Iberia today posted its results in 2009, one of the most difficult years in the airline’s history, when the world economic crisis and stiff competition led to a steep decline in operating income. After 13 consecutive profitable years, Iberia reported a net loss of 273 million euros in 2009.
Throughout the year Iberia adapted its supply of flight services to the changes in the different markets, cutting seat supply overall by 6 per cent, which brought an overall passenger load factor of 79.8 per cent, similar to that of 2008, and one of the highest achieved by any European network carrier last year.
Operating income plunged by 19.1 per cent in the year, due to the collapse in both passenger and cargo demand. Average income per RPK dropped 14.1 per cent from the 2008 level, due chiefly to the decline in demand for business class seats, and to cutthroat competition in most of Iberia’s markets.
Meanwhile, operating expenses fell by 11.9 per cent to 4,873 million euros in 2009, due in large part to the 482 million euro (28.9 per cent) reduction in spending on fuel, thanks to lower prices and smaller purchases. Unit operating costs were down by 6.3 per cent to 7.84 euro-cents per ASK.
The average staff level was trimmed by 4.2 per cent to 20,671 people. The 6 per cent decline in seat supply led to a 1.8 per cent fall in productivity, measured as ASK per employee. In contrast, the fleet utilisation rate rose 3.7 per cent to an average of 10.3 hours/day per aircraft, thanks to the reduction of the fleet by 10 aircraft via the cancelling of leasing agreements, the postponement of new deliveries and the mothballing of some units. At the end of 2009 Iberia had 109 aircraft in service.
Passenger traffic (RPKs) fell by 6.2 per cent in the year, while seat supply (ASKs) was cut by 6 per cent. On long-haul routes the seat supply reduction was only 3.3 per cent, while traffic volume in this segment declined by 5.4 per cent in the year. The final quarter showed some signs of recovery, and the occupancy rate (load factor) edged 0.6 points higher. Business class seat demand in the segment was off by 13.3 per cent, but it recovered slightly after the summer. Iberia maintained its leadership of the Europe-Latin America market with a 20.1 per cent share.

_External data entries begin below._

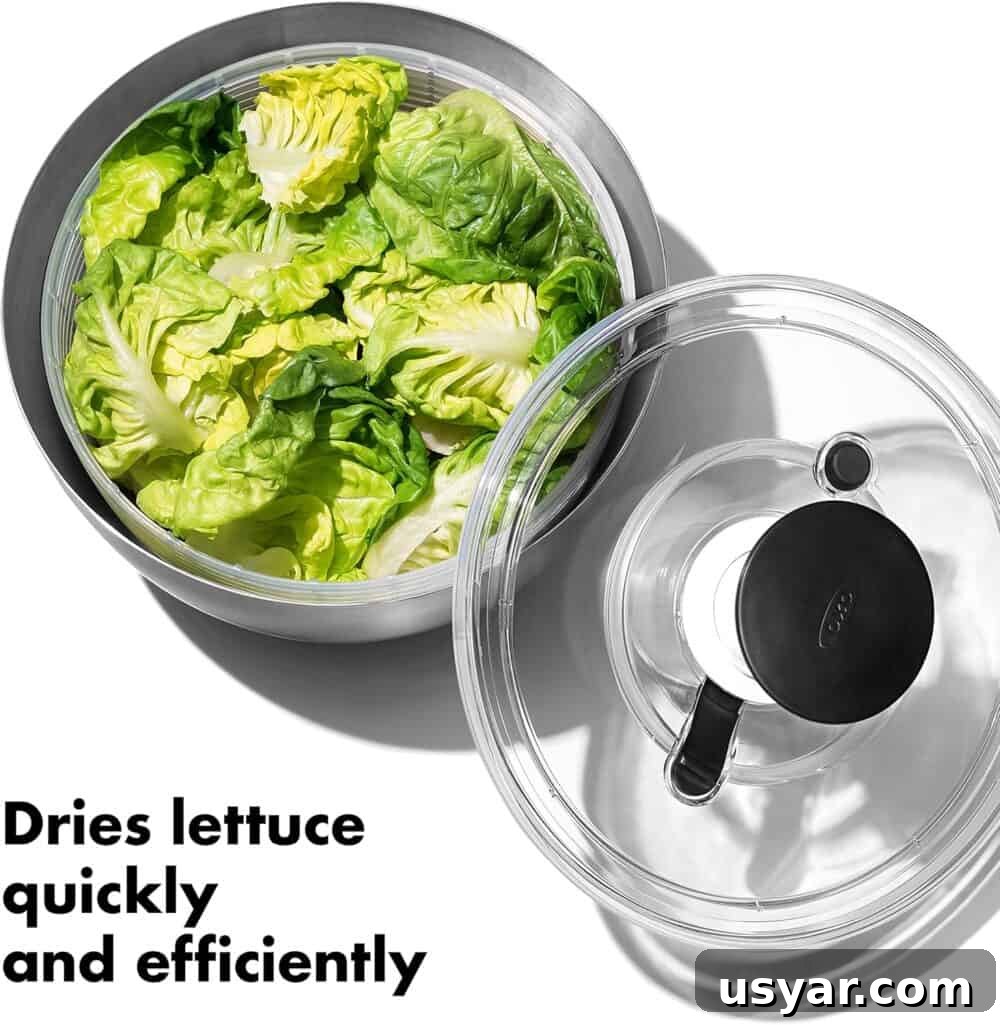 10 Time-Saving Kitchen Tools for Busy Moms 10 Large salad spinner with washed lettuce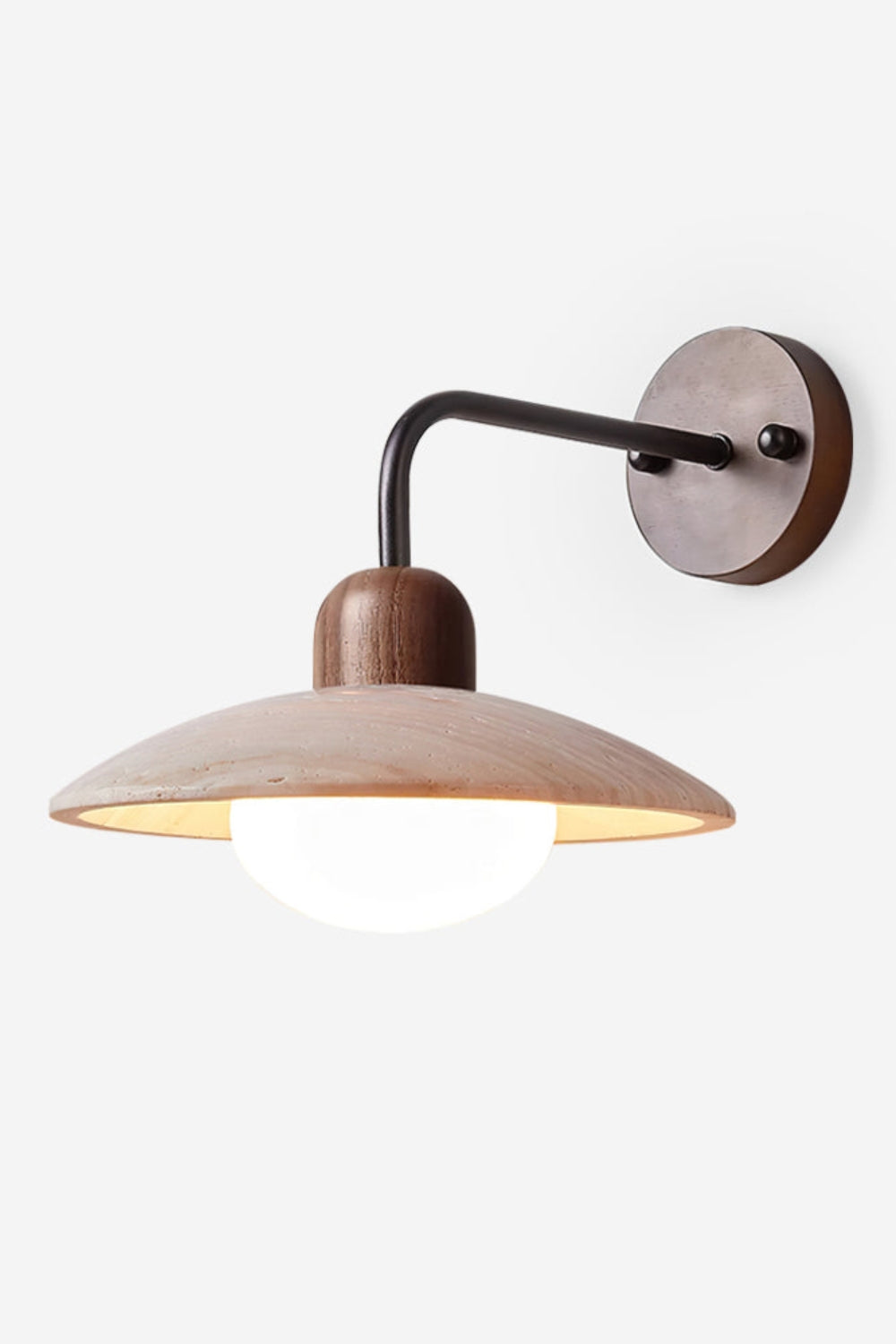 Lunara Travertine Wall Light With Disc For Modern Interiors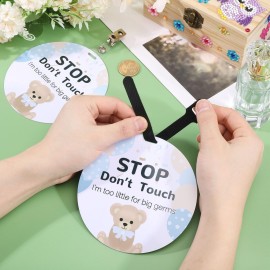 ORIGACH 2 Pack Bear No Touching Baby Signs, Stop Do Not Touch Baby Car Seat Sign Stroller Tags with Hanging Strap and Clip, No Touching Baby Sign for Newborn Baby Boy Girl
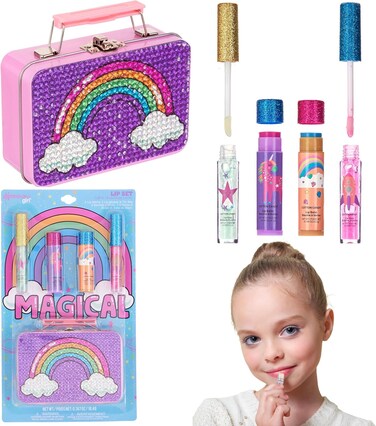 EXPRESSIONS 5pc Rainbow Rhinestones Cosmetics Lip Kit For Kids w/Lip Glosses, Lip Balms &amp; Tin Box Storage Case Magical Lip Set,Washable + Non Toxic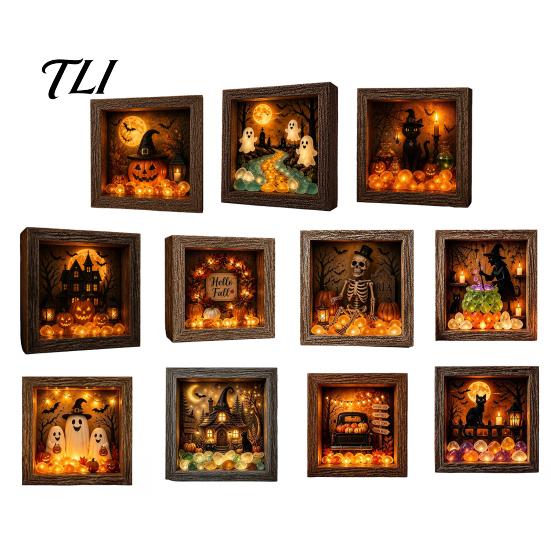Tabletop Home Accent DIY Lighted Halloween Ghost Shadow Box Kit, Wooden Frame LED Warm Light, Gothic Crystal Glass Display Case Memory with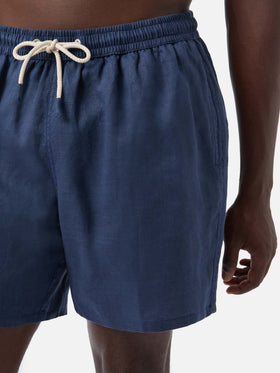 Mittellange marineblaue Leinen-Badeshorts Gustavia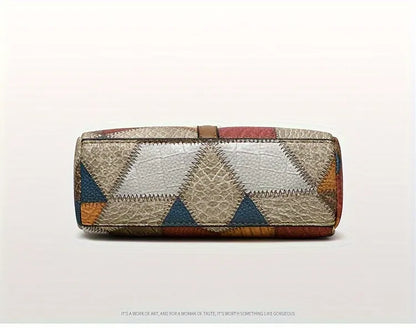 Geometric Patchwork Vegan Leather Mini Crossbody Bag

Load factor on Iberia’s medium haul international flights improved by 2.5 points, reaching 75.6 per cent, following a 9.2 per cent cut in seat supplies. Demand in this segment fell by 6 per cent.
Seat supplies in the domestic market were cut by 11 per cent in the year, which pushed the load factor 0.4 points higher. On the Madrid-Barcelona route seat supplies were slashed by 20 per cent; this percentage was lower in the last nine months of the year.
Revenues from outside clients amounted to 322 million euros for Iberia Maintenance in 2009, a 4.1 per cent improvement from the previous year, thanks mostly to technical assistance to Spain’s Defence Ministry and landing gear repairs, a new business line for the division.
Despite a 7.3 per cent decline in the number of aircraft served, the income from Iberia’s handling division (Iberia Airport Services) was down by only 3.3 per cent, thanks to a 2.1 per cent increase in unit revenues, and larger income flows from other airport services, including Iberia’s share in a new business for assisting reduced-mobility passengers. In the fourth quarter, handling division revenues were boosted by 2 per cent when the Vueling carrier signed up for the division’s services.
As of December 31, 2009, the Iberia Group has net assets of 1,551 million euros, down 0.8 per cent for the year. The impact of the net loss of 273 million euros in 2009 was offset by better hedging operations valuation and the rise in value of British Airways shares. Iberia’s available balance came to 1,974 million euros, 377 million less than a year earlier.